The thinner pad was on the outboard side of the rotor. The wear is also crooked:








Here's the driver's side for comparison:








These have about 40,000-miles on them. *How did this happen?* Did I perhaps put them in crooked? I've never felt any weird pulling in one direction or anything. Everything seemed quite normal until Friday when the new noise started. The rotor is just barely scoared from the worn pad. I caught this really fast. The new pads will cover the scoring in no time I'm sure.

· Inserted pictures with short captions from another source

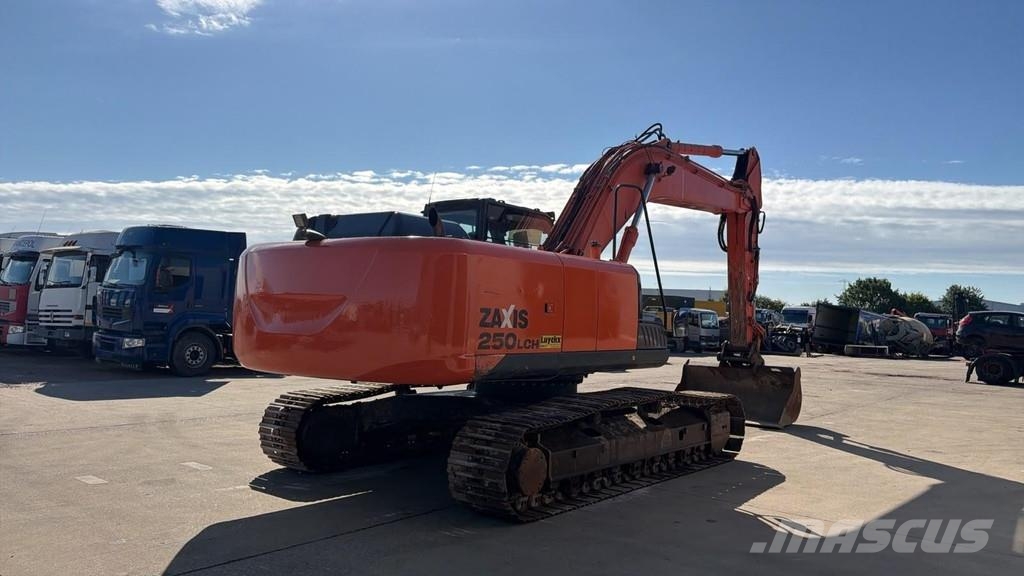 Hitachi ZX250LCH-5A (AIRCO / 6.868 HOURS / BELGIAN MACHINE حفارات زحافة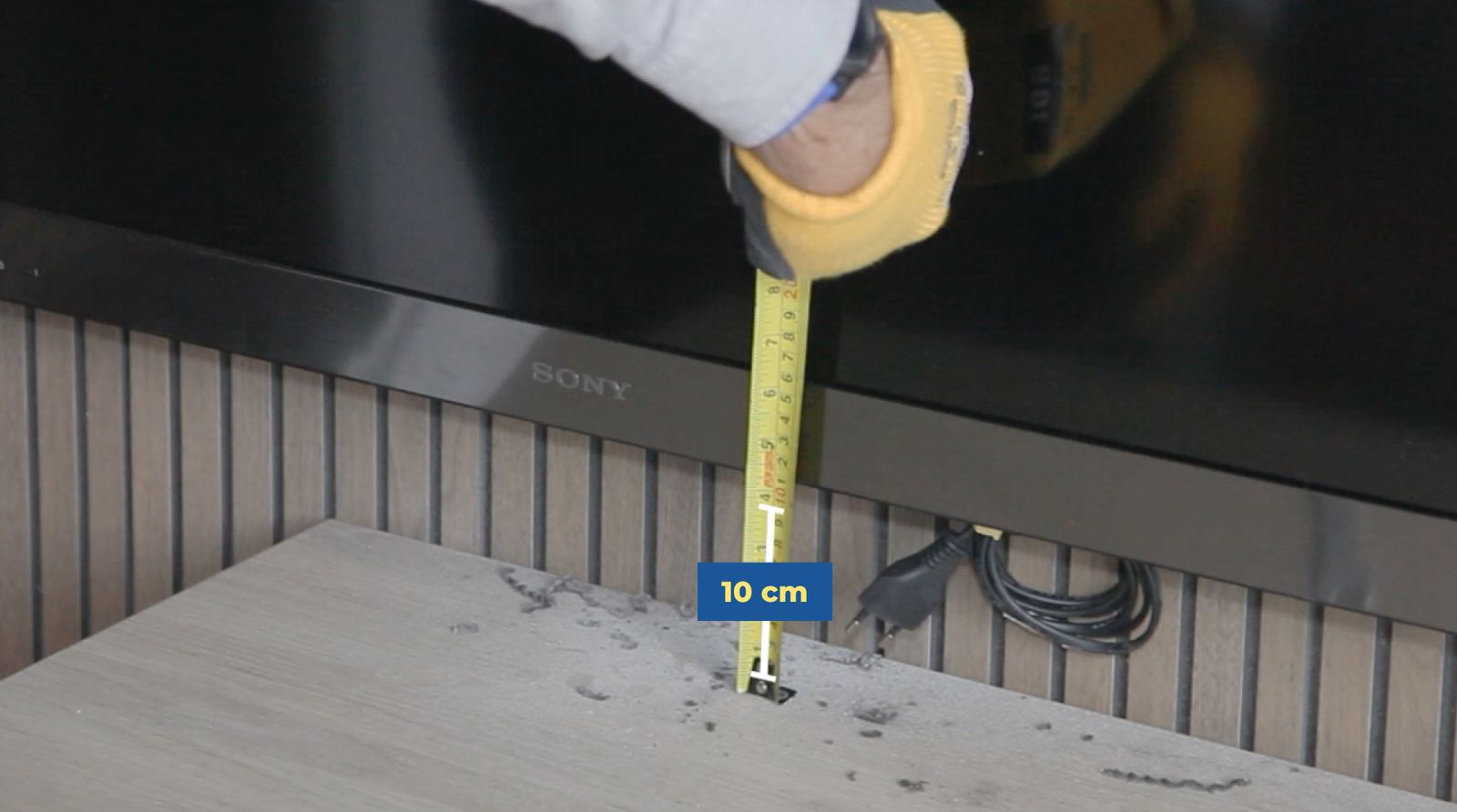 Altura del monitor sobre la estación de trabajo en cuarto gamer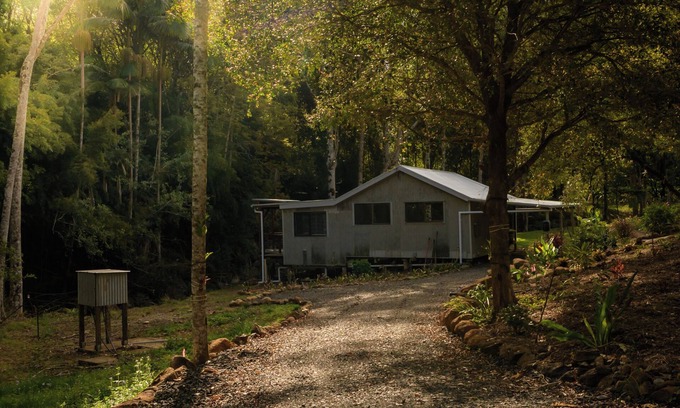 Upper Coopers Creek Cottage | Secluded Creekside Cabin for 2 - A PRIVATE Nature Escape in the Byron Hinterland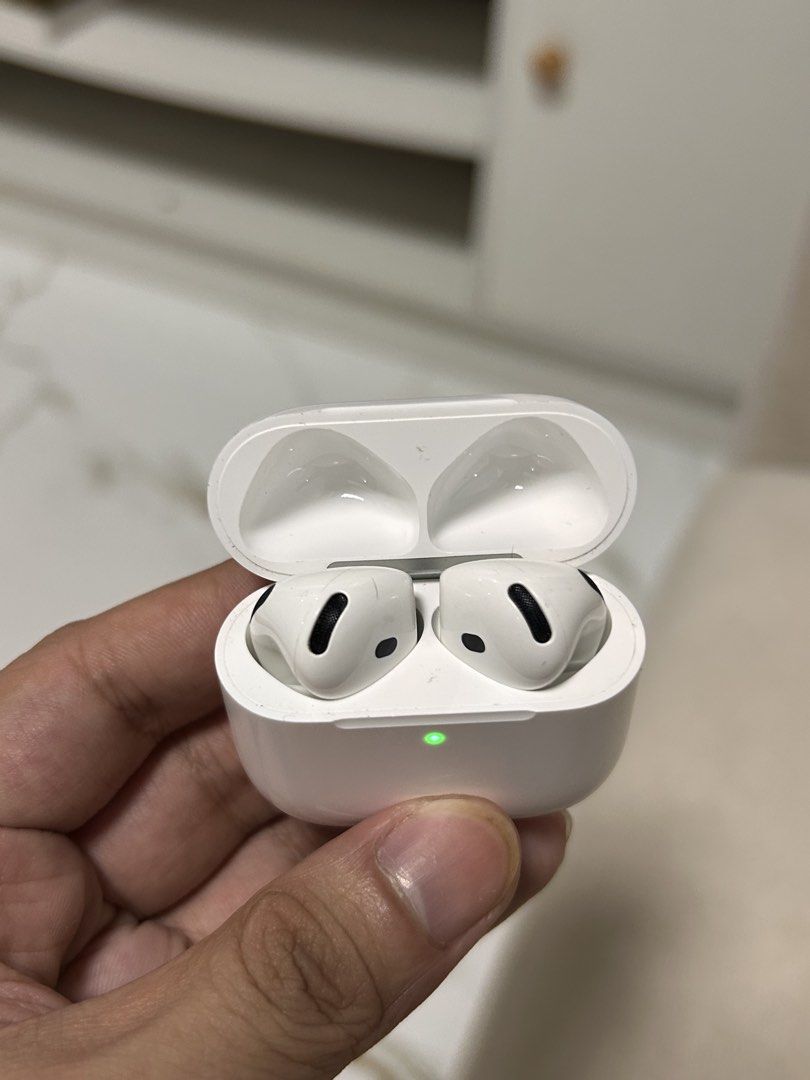 Original Apple Airpods 4 (Non ANC) (Category: Earphones) located in Manila. Submitted by Tjuan13 (Listing ID 1465481293, Image 2). Description: Try Secondhand Original Apple Airpods 4 (Non ANC) for only Php 5900 -100% Original -Free Usb C cable -Free Silicon Case -Smoothness 96% Front & 97% Back -Good battery life -Matagal Malowbat, Mabilis magcharge -Good quality -Crisp Button -Actual Photo -Ready to use -No Box -No swap -Free Shipping via Lalam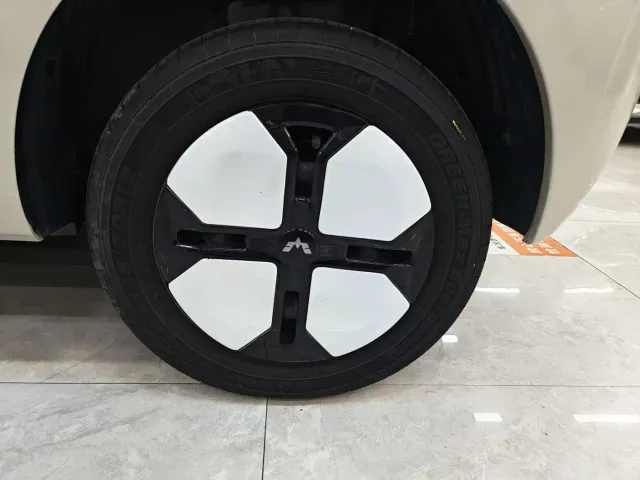 Wuling Hongguang Mini EV — Фото автомобиля 15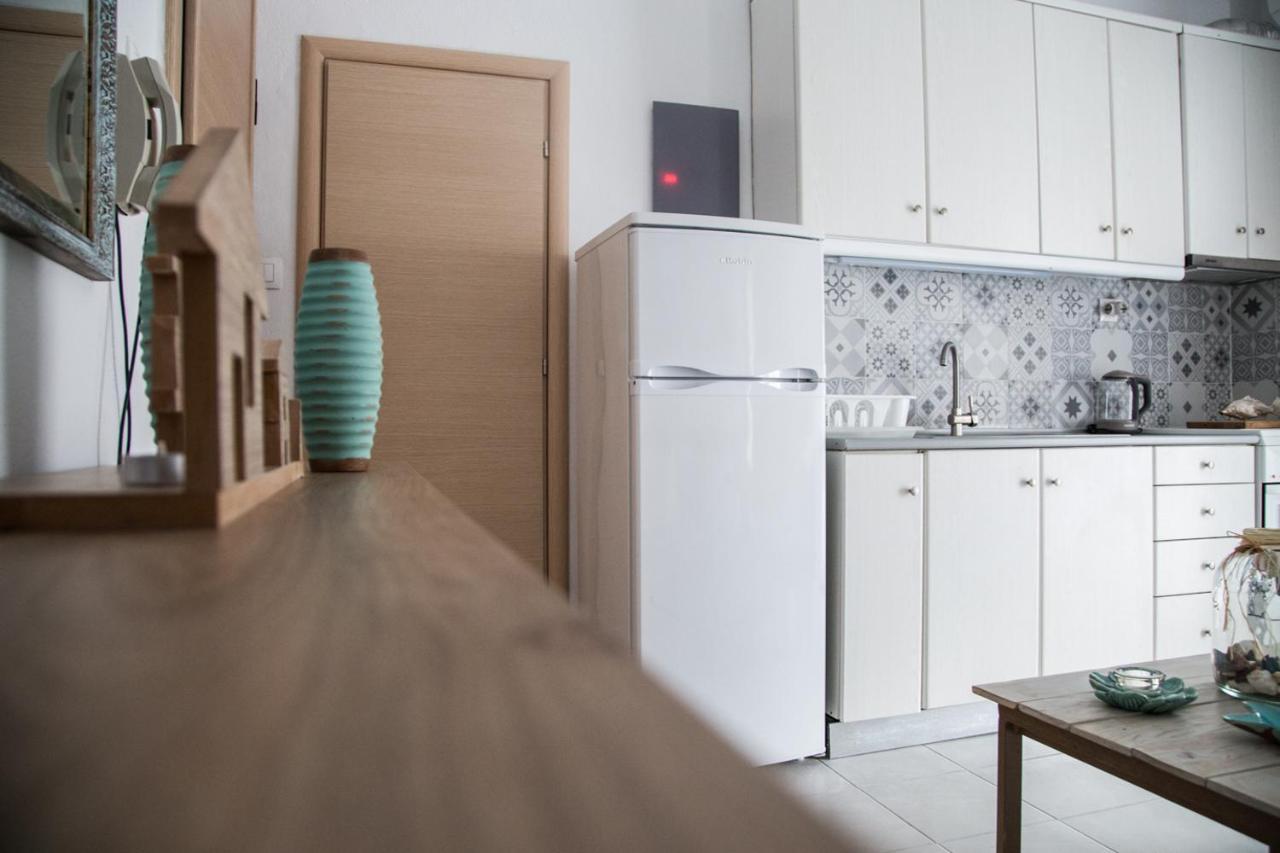 Grey Theros Apartments Paralia Dionisiou Exterior foto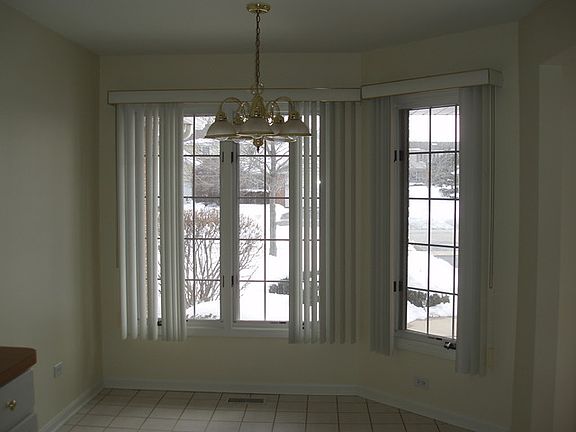 5th image of 7656 Thistlewood Ln
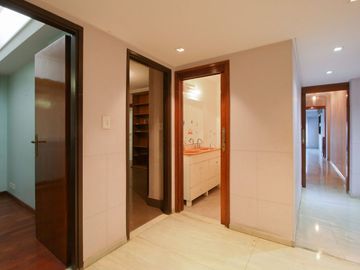 VENTA PISO 5 AMB EN CABALLITO CON COCHERA 195 M2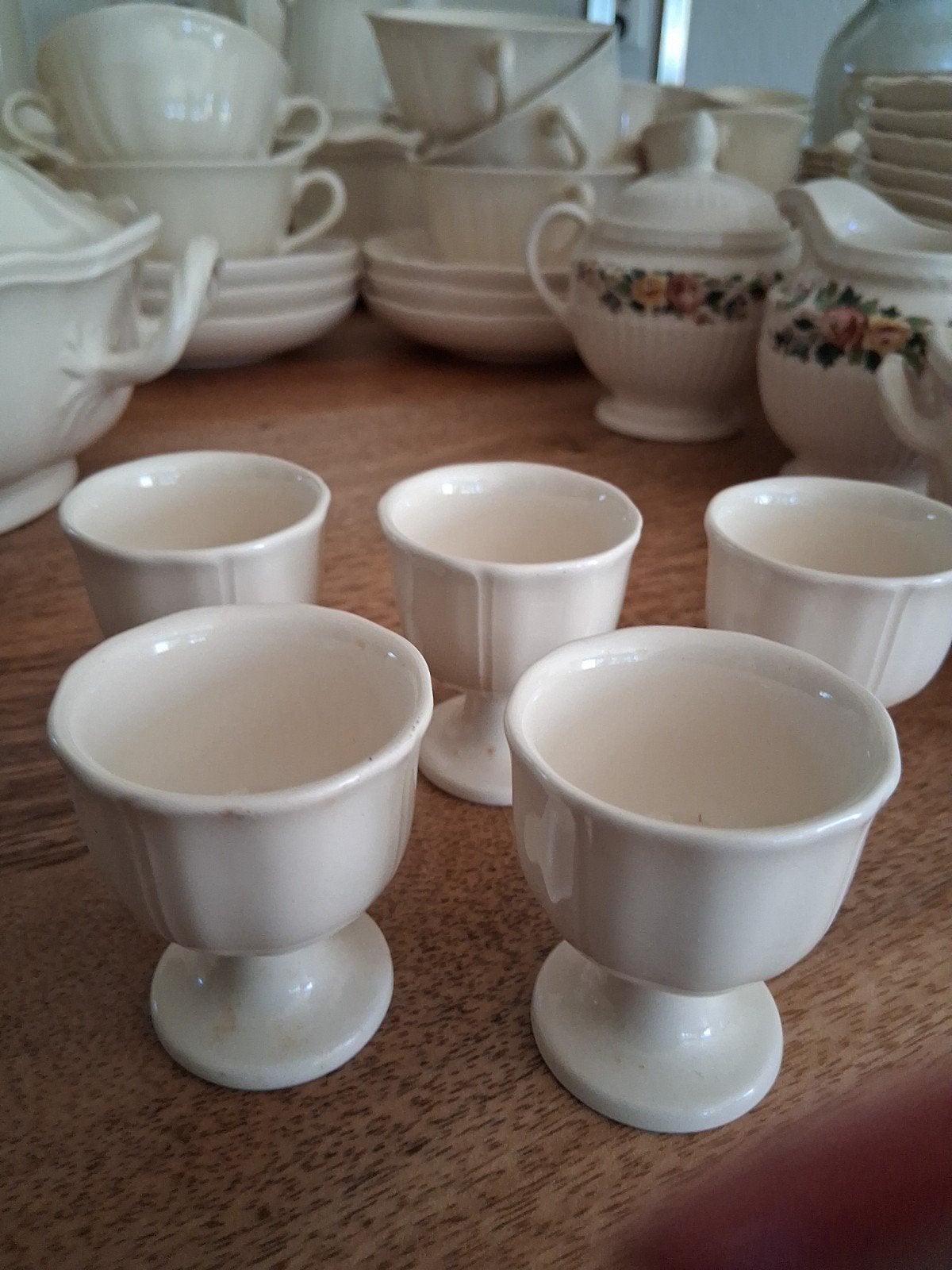 Wedgwood Queens Plain 5 Eierdopjes., Huis en Inrichting, Keuken | Servies, Ophalen, Zo goed als nieuw, Porselein, Overige typen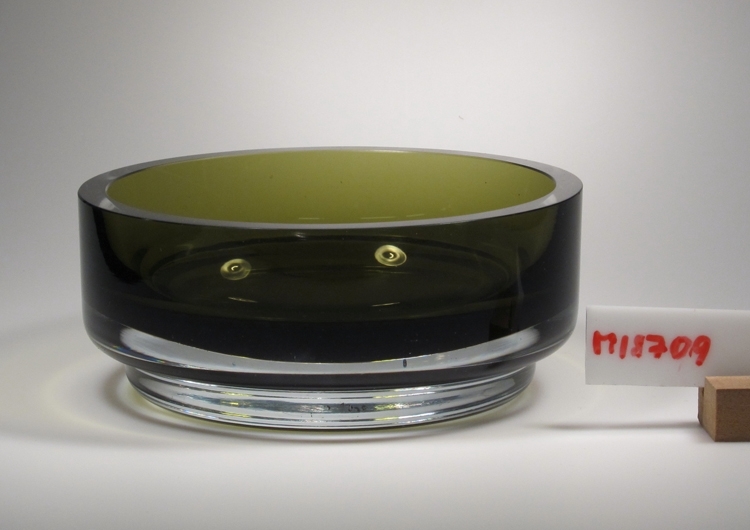 Skål.
Cylindrisk rak, med mindre botten.
Olivgrönt underfång.
Funktion: Att ha frukt, saker i.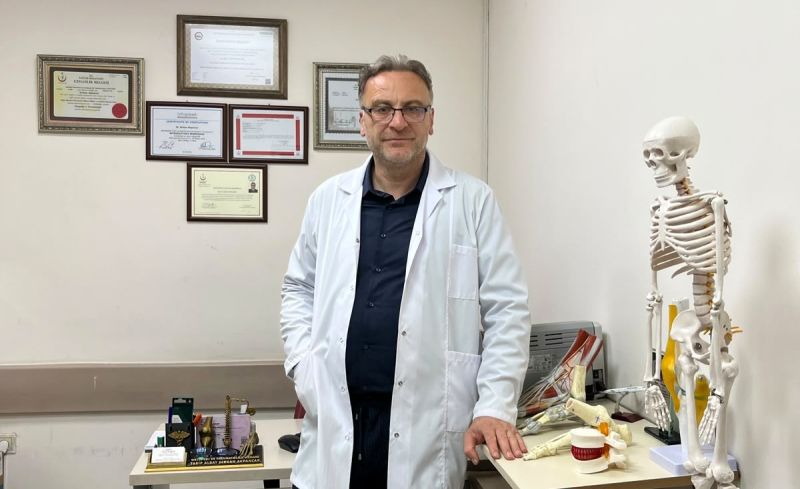 Kalça Protezine Alternatif Arayışında Türk Doktorun Dünyada İlk Olan Araştırması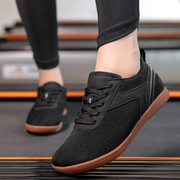 Schuhe mit Schnürung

You'll notice the pads are beveled when new. I thought nothing of it before. But now that my Axxis pads are installed, I have to wonder if unbeveled pads bite better since there's more pad touching the rotor? I appreciate your opinion on that. For the record, Axxis was not my first choice of pad. But it was my best choice given my time constraints: I needed pads NOW since the car had to be back on the road just three hours after I discovered I had a problem; and I preferred a ceramic pad if I could get one.
Thoughts?
Scott


----------



## GTijoejoe (Oct 6, 2001)

*Re: How Does This Happen: Uneven Pad Wear? (Stealth_TDI)*

Scott,
The slot in the pad is for friction clean up, as the pad/rotor/corrosion wears off the slot takes up the debree insted of sliding across the entire pad. The bevel is really minimal compared to the overall area of the pad, more pad allows for less pad wear and less heat.
There are two directions of pad taper. Radial and axial. Radial of course being from the bottom of the pad out to the top, and axial being from leading edge of the pad to the trailing edge. You have can have a common case of both types of wear on the same pad, this is not so abnormal. 
Reason for radial pad wear can be from the caliper flex (low stiffness caliper body), the claw of the caliper will deform like you are opening a book with two hands. As the caliper bites the inboard pad stays fairly even (but still can taper in some cases) and the outboard pad will shift higher on the disk and have an uneven load distribution. The uneven load will increase the heat on outer edge of the disk causing an uneven wear or "taper". A misconception is most ppl believe the inboard pad will taper more although it is not always the case. 
Reason for axial pad wear is when the caliper bites the torque developed will make the caliper pitch in the direction of the disk's motion. From the caliper's pins and body being less stiff the caliper will be ****-eyed in the housing, causing uneven load distribution and heating the pad up non uniformly, this causes taper. 
So no, you did not put the pads in the calipers wrong. 
Hope this helps http://****************.com/smile/emthup.gif 
PS... I do think it is strange one corner side wore a lot differently than the other. Could be from many things from the caliper itself, to not tightening the bolts properlly, or to doing heavy braking while turning often.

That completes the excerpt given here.